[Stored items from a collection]
# # # #

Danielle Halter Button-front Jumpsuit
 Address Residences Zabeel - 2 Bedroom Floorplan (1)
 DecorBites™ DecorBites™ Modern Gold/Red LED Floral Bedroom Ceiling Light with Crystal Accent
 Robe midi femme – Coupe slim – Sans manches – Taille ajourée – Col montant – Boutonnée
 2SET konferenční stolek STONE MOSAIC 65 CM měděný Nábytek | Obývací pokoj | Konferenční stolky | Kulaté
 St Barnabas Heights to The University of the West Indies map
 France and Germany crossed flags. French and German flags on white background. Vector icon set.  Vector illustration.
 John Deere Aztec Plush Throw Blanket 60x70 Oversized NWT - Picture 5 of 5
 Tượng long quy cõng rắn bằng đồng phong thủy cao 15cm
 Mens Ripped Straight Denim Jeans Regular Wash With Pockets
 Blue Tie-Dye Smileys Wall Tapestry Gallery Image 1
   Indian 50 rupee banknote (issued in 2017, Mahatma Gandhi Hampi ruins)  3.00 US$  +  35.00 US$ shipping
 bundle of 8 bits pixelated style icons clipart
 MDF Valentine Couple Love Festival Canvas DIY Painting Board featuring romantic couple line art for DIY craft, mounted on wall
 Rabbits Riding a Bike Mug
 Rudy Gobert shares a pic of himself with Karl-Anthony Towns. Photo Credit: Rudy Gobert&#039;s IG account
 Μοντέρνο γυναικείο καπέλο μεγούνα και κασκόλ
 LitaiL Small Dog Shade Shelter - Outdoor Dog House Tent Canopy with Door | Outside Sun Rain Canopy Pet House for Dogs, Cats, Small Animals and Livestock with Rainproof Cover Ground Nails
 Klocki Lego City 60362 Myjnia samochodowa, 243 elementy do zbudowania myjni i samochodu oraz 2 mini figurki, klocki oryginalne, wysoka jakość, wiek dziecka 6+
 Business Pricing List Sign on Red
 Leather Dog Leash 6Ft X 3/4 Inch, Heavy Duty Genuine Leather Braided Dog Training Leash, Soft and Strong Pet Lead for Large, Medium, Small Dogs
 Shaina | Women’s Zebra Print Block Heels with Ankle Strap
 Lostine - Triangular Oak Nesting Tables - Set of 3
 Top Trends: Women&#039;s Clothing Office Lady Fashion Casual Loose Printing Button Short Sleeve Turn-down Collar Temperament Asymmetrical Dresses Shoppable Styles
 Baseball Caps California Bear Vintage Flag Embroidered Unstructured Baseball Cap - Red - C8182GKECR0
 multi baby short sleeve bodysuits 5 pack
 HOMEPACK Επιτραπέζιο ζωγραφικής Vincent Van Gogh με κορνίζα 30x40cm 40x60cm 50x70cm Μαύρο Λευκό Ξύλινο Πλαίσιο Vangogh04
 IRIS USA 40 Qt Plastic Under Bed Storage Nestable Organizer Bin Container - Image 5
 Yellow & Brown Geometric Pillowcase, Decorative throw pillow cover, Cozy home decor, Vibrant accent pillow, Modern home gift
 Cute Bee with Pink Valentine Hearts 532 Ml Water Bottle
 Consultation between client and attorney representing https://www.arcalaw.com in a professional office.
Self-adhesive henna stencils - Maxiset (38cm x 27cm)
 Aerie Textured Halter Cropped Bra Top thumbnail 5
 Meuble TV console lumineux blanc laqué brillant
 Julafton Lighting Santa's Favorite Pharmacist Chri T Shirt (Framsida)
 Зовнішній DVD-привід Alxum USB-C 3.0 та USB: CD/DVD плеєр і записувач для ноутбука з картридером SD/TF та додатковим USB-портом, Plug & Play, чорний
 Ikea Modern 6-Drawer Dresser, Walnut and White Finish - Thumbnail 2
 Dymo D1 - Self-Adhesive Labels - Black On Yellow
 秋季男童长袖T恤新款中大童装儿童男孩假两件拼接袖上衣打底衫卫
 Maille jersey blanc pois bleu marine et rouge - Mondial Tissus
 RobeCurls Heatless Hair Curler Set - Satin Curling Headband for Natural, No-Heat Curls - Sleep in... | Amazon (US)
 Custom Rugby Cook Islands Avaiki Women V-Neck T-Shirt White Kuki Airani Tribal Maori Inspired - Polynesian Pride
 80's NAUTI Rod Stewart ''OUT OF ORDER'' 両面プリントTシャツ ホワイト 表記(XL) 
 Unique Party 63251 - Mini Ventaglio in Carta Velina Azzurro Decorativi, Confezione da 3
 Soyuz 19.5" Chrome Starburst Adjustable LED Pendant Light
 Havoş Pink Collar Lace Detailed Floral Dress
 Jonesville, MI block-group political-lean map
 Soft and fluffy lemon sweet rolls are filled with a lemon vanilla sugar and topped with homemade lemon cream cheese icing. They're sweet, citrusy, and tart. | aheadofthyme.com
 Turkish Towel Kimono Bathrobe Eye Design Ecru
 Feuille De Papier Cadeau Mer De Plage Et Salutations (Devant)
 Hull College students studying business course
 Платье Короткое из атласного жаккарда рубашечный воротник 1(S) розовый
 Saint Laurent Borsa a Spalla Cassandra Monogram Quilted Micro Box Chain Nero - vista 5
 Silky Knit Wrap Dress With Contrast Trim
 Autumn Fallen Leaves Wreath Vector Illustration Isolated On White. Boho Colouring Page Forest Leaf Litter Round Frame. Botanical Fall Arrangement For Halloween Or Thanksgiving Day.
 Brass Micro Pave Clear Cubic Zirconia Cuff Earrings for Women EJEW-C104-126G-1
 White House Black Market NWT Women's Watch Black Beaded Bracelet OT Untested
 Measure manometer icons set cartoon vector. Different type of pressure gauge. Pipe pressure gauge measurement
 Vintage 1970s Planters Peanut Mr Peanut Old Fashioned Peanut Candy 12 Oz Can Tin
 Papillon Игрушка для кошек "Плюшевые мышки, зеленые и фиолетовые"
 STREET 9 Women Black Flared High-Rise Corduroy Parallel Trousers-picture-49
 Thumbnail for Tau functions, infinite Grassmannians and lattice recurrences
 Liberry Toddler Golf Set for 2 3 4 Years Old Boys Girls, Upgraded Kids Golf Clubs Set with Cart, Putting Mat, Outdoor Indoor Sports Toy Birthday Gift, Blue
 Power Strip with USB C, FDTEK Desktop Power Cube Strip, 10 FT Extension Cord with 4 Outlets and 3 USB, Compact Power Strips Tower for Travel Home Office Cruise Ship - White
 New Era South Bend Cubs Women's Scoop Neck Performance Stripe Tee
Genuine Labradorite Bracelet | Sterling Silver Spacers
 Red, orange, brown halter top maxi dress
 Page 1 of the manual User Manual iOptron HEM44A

# # # #

Aim of the task: Take the entries above and return only the lines from the one with "Maille jersey blanc" to the one with "Havoş Pink Collar Lace Detailed Floral Dress", both included, unchanged.

Result of this task:
 Maille jersey blanc pois bleu marine et rouge - Mondial Tissus
 RobeCurls Heatless Hair Curler Set - Satin Curling Headband for Natural, No-Heat Curls - Sleep in... | Amazon (US)
 Custom Rugby Cook Islands Avaiki Women V-Neck T-Shirt White Kuki Airani Tribal Maori Inspired - Polynesian Pride
 80's NAUTI Rod Stewart ''OUT OF ORDER'' 両面プリントTシャツ ホワイト 表記(XL) 
 Unique Party 63251 - Mini Ventaglio in Carta Velina Azzurro Decorativi, Confezione da 3
 Soyuz 19.5" Chrome Starburst Adjustable LED Pendant Light
 Havoş Pink Collar Lace Detailed Floral Dress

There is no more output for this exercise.